Sherilyn Fenn: I think for a lot of us, it just ended abruptly. By the grace of god it kept continuing to gain a fanbase. Everyone kept it alive. I mean, it’s David Lynch. To be able to go back to something that so many people respect so much and say that he changed television…what a gift. There’s not a lot of work like that, that gets made. I’m just completely thrilled.
Audrey Horne was an integral character for the original series. How will she change? How will she stay the same?
None of us are supposed to say anything. It’s in a few days so we all get to in this journey very soon. She wasn’t in the original script, so she was just created once David Lynch and I met. I think the whole show is going to be exciting and surprising. I mean, it’s gotta be — it’s 26 years later.
What did you hope would have happened for Audrey’s character in the original two seasons of Twin Peaks?
I think it’s common knowledge that [I wish] Audrey and Agent Cooper would have gotten together, but that didn’t happen. David has so pleasantly surprised me — he’s an artist. What David pulled together was very interesting. It’s going to be magical, scary and all of those good things.
If Twin Peaks was airing for the first time today, do you think it would be more well-received than it was 26 years ago?
Probably. When it came out then I didn’t know that people would ultimately like it. They saw the pilot and it wasn’t going to be picked up, but it was the fans who wrote in. They got [David] to write seven episodes. Again [with the revival] it was the fans.

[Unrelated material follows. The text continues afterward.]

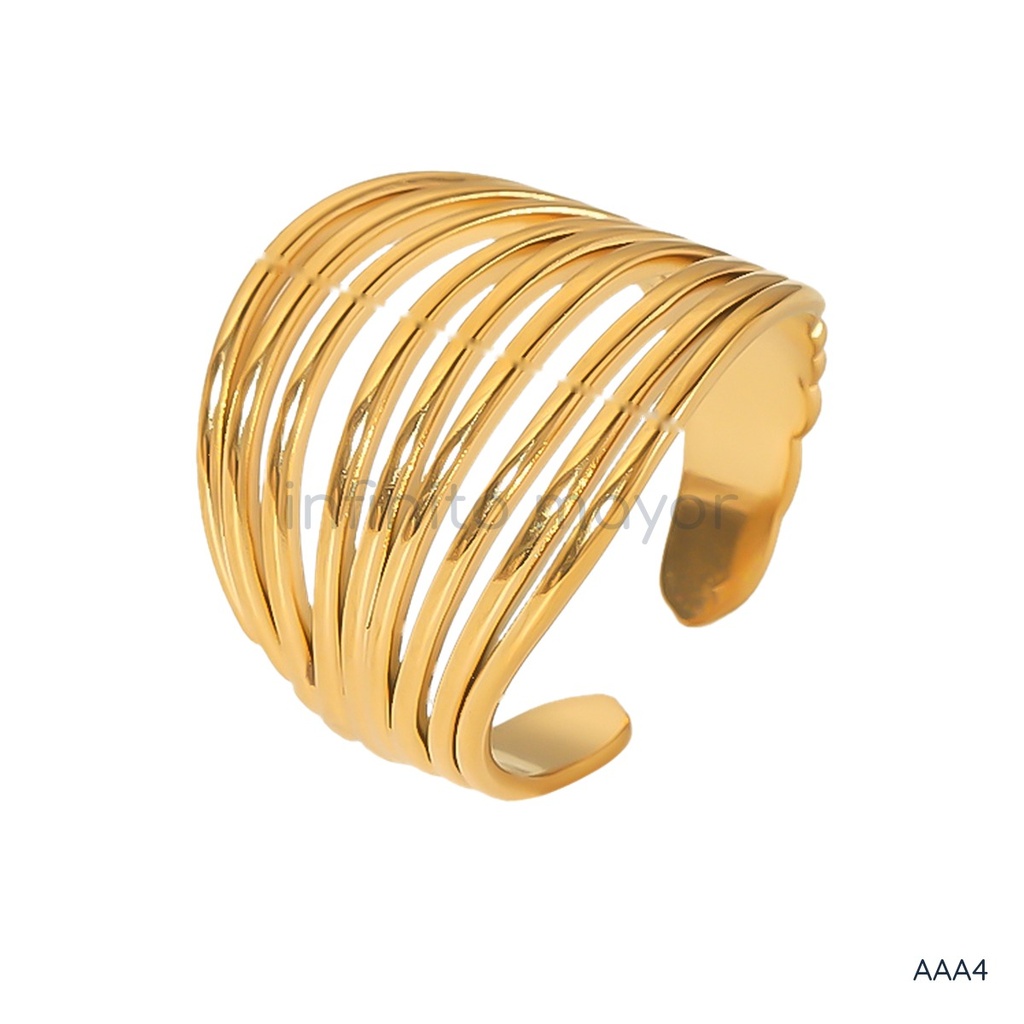 Anillo dorado ancho y abierto, diseño de múltiples bandas finas superpuestas con acabado liso y brillante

What do you think makes Audrey such a strong character and one who has become a defining part of the show?
I’m not really sure — it’s hard to say. There’s always an element of hope with her. There’s always a fight to make it happen — she’s going to do it. It’s an attitude we all need and want sometimes. She has a spirit where she’s going to go after “it.” She’s hurt by her father and in love with this man [Agent Cooper], puts herself at risk to help him. It’s pretty perceptive for a 17 or 18-year-old girl.
How did you, Lara Flynn Boyle and Mädchen Amick become such icons? How did that change your life?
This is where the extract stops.